Despite the increased toxicity, for most of ADCs the balance of benefits and risks is clearly shifted towards the former. One thing that we can be certain of is that the story of ADCs is still unfolding, with more positive news to come as other molecules complete the late-phase clinical trials.
References
- Ledford, Heidi. “Cancer trial results show power of weaponized antibodies.” Nature (2023).The Center for Biosimilars (November 6, 2023).
- Powles, Thomas MD. “Enfortumab Vedotin/Pembrolizumab Shows Encouraging Survival Data in mUC.” Targeted Oncology (October 22, 2023).

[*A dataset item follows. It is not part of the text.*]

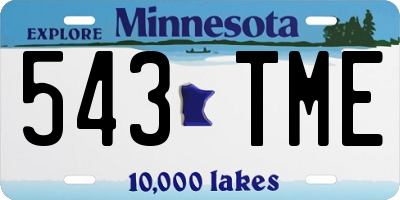 MN license plate 543TME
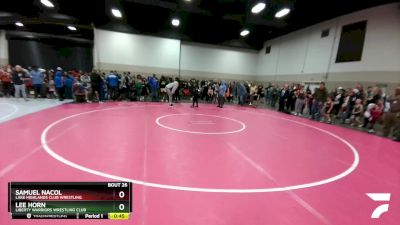 53-55 lbs Round 1 - Samuel Nacol, Lake Highlands Club Wrestling vs Lee Horn, Liberty Warriors Wrestling Club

Link: https://www.targetedonc.com/view/enfortumab-vedotin-pembrolizumab-shows-encouraging-survival-data-in-muc
- Cortés, Javier, et al. “Trastuzumab deruxtecan versus trastuzumab emtansine for breast cancer.” New England Journal of Medicine 386.12 (2022): 1143-1154.
- Shitara, Kohei, et al. “Trastuzumab deruxtecan in previously treated HER2-positive gastric cancer.” New England Journal of Medicine 382.25 (2020): 2419-2430.
- Tilly, Hervé, et al. “Polatuzumab vedotin in previously untreated diffuse large B-cell lymphoma.” New England Journal of Medicine 386.4 (2022): 351-363.
- Powles, Thomas, et al. “Enfortumab vedotin in previously treated advanced urothelial carcinoma.” New England Journal of Medicine 384.12 (2021): 1125-1135.
- Fu, Zhiwen, et al. “Antibody drug conjugate: the “biological missile” for targeted cancer therapy.” Signal transduction and targeted therapy 7.1 (2022): 93.